I love taking my friend’s class, but I also love dancing alone, and it kind of seemed like a blessing that I’d mixed the days up. I love what individual practice teaches me. I love that it is self-generating, and that I don’t need anything but what’s inside of my own heart. And connecting with the land gives me endless things to dance to–a rich symphony of form, space, and energy.

I startled, remembering I had a work commitment at five, and ran to check the time. 

I had another half hour, so I decided to practice yoga in the sunshine. Standing alert, with my feet flat on the warm patio, hands aloft, I spotted a bird of prey, almost invisible it was so high up–seeming to hover in the air, barely moving. Moving through several poses, each time I found myself on my feet and looked up, the far-off bird was still hovering in that one spot. Then, the next time I folded my head down, moved through a sequence, and rose back up, it had disappeared, leaving nothing but endless blue sky.

Simon and I raked the grass clumps out of the newly-tilled plot that will be our garden, hauled them to the edge of the lawn, and dumped them into a raucous pile.

Later, I ran in the woods on a path along the Scantic River. White and grey clouds began to roil and it started to rain. I danced with the river’s currents, seeing into the depth and contours of the river because of the lack of sun glare. I saw the land’s contours above the water line, too, and perceived the continuations of the rivers and streams with all other flowing water.

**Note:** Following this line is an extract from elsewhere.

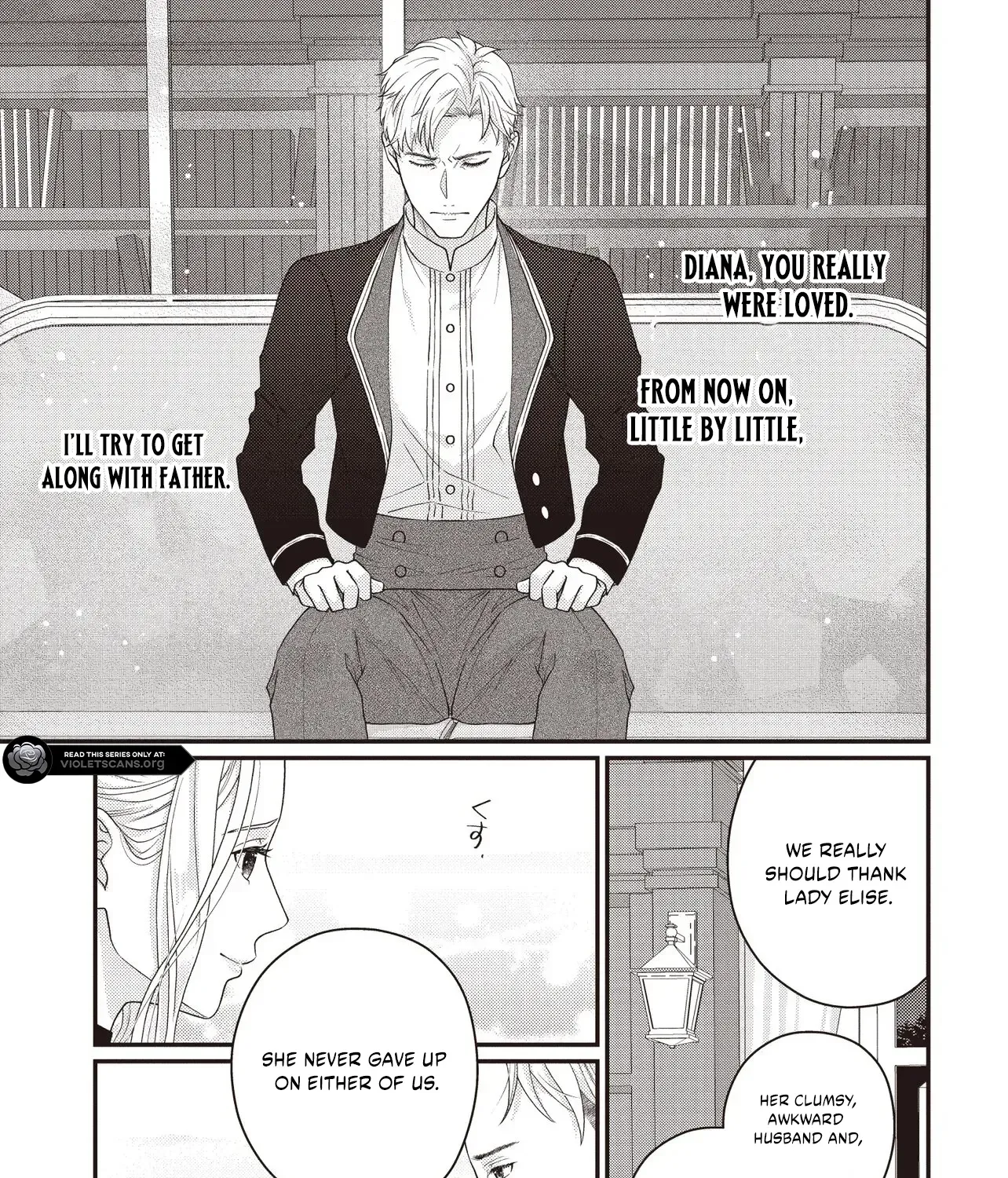 A Nursery School Teacher in My Previous Life, a Villainess in This One? And Now I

I found a peaceful spot to meditate, patiently noting each cold rain droplet on my exposed hands and face, grateful to be in the woods, grateful to be sitting on the soft sand of the river bank, grateful to be alive, grateful to the earth.

May 6, 2020, Broad Brook, Connecticut

This blog consists of my own subjective experiences on the 5Rhythms® dancing path, and is not sanctioned by any 5Rhythms® organization or teacher.